Он одной рукой охватил подтяжку, другую вскинул в широком жесте:
— Да, несмотря на разочарование поражения, несмотря на то, что русский народ не смог победить рутинную и слепую деспотию самодержавия, отныне река крови легла между царем и народом: нанеся удары по рабочим, царизм смертельно ранил самого себя. Решительные и трагические месяцы, которые пережил народ России, определили судьбу будущих революций, да, определили! Русский царь и царизм ныне отвержены всеми цивилизованными нациями — и прежде всего нами, французами, ненавидящими деспотию. И мы, французские социалисты, не только приветствуем и поддерживаем вас — тех, кто продолжает борьбу против произвола и гнета, наносящих чудовищные оскорбления всему свободолюбивому человечеству, — не только поддерживаем, но и готовы помочь вам!
Он широким жестом простер к Антону и дяде Мише свою широкопалую руку. Да, теперь Путко узнал трибуна рабочей Франции, услышал в его звенящем голосе тот особый, завораживающий тембр, который подчинял себе толпу.
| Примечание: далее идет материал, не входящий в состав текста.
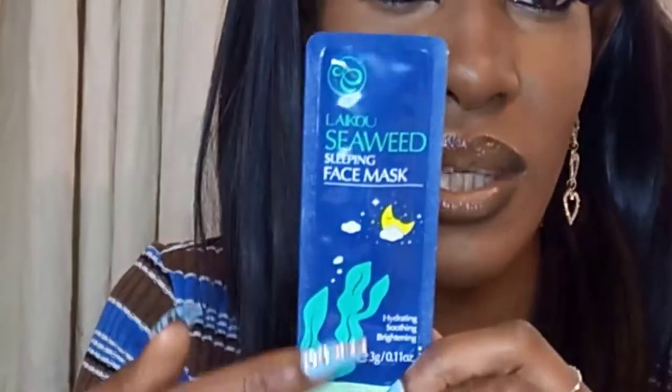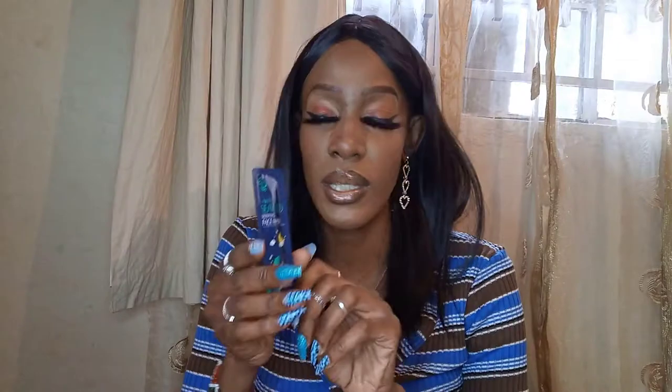The fourth one is a seaweed sleeping face mask — the packaging looks like the sea. It promises hydrating and brightening. The seaweed extract is gentle and can moisturize by natural plants, keeping skin moisturized deeply, gently soothing and brightening skin tone. I can't wait to use this one — my skin will be glowing!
Но в следующее же мгновение редактор сменил позу и, снова став мужиком-работягой, подсел к ним, похлопал ладонью по руке дяди Миши:
— Мы поможем русским товарищам. Наша газета выступит с запросом к министру юстиции и председателю кабинета. Я уверен, что инициатива ареста вашего товарища исходила не от них.
Он подождал, пока Антон переведет его слова дяде Мише, и продолжил:
— Кроме того, я хочу обсудить эту проблему с коллегами-журналистами в клубе прессы. Как справедливо сказал наш соотечественник, мы, журналисты — государство в государстве, и даже наши противники вынуждены считаться с нашей силой.